This essay has been submitted by a student. This is not an example of the work written by our professional essay writers.
This research paper discusses on 'Linux Scheduler 2.6' supported by Linux Operating System. Paper describes and explores algorithms and mechanisms that play a vital role in scheduling processes/tasks for Linux OS. It also discusses different constraints and characteristics of CPU scheduler for version 2.6 of Linux kernel and also includes comparison between previous versions.
Linux is a highly popular operating system today freely distributed over the internet. There is a fast paced development and implementation of Linux kernel considering patches and upgrades.
This paper will provide thorough documentation of Linux 2.6 CPU Scheduler.
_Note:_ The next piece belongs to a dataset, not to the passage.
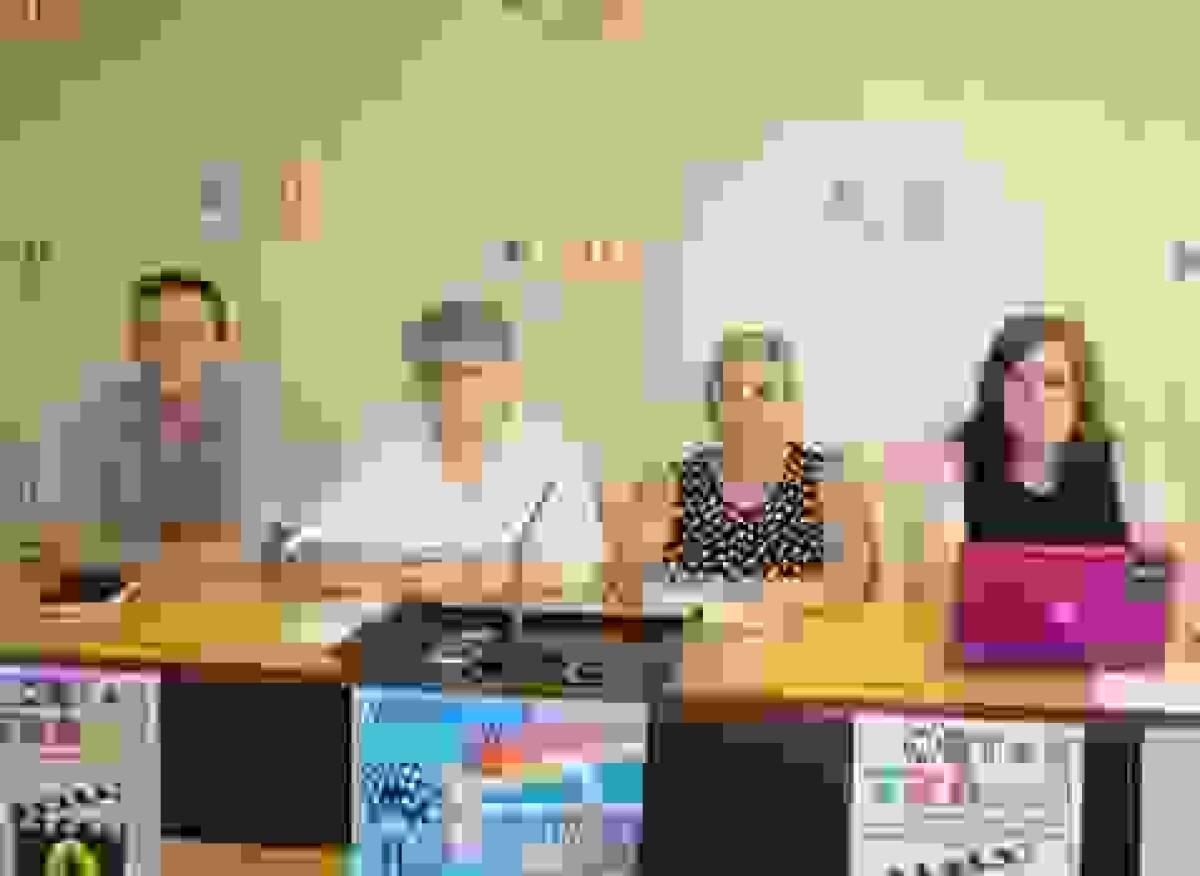 Benidorm dar&aacute; visibilidad a la realidad &lsquo;trans&rsquo; durante la Semana del Orgullo LGBTI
Linux kernels are numbered in the form W.X.Y.Z where W is changed only when major change takes place in the kernel development such as it is incremented only if not compatible with previous versions, X denotes the kernel series, Y being the version number and Z is incremented when a bug is resolved from previous version.
Kernel is responsible for keeping track of thread details such as threads state and the necessary information to carry out the implementation of given task. We know that there is only one thread running or executing on a CPU at any given point of time. This is the reason why CPU Scheduler plays a pivotal role for any Operating System.
CPU Scheduler is responsible for determining thread that has to be implemented next. Thread can be CPU or I/O bound. Schedulers tend to give priority access to the I/O threads. This helps in avoiding wait for the time it takes to get information from I/O allowing the next thread in the queue to be accessed keeping the earlier thread idle.
Scheduling in Linux
In Linux, all threads are simply processes sharing resources. A process in Linux is simply a group of threads that share a TGID (Thread Group ID) between themselves.
Scheduler Design Considerations
- Prevent starvation of tasks
- It should maintain Scheduling latency, reducing delay between tasks to wake up and task to run.
- The decisions taken by the scheduler should be optimum without delay.
- Priorities should be given to important tasks rather than less important tasks.
- There should be no CPU sitting idle when tasks are in queue.
As being freely available, Linux has been way different from other operating systems in the market. It is important to know that scheduling goals and algorithms are determined by the market it targets. Linux was earlier meant as high end operating system and mostly targeted server market. But the lately written scheduler for 2.6.x kernel has increased the number and type of users targeting both the server market and the desktop market.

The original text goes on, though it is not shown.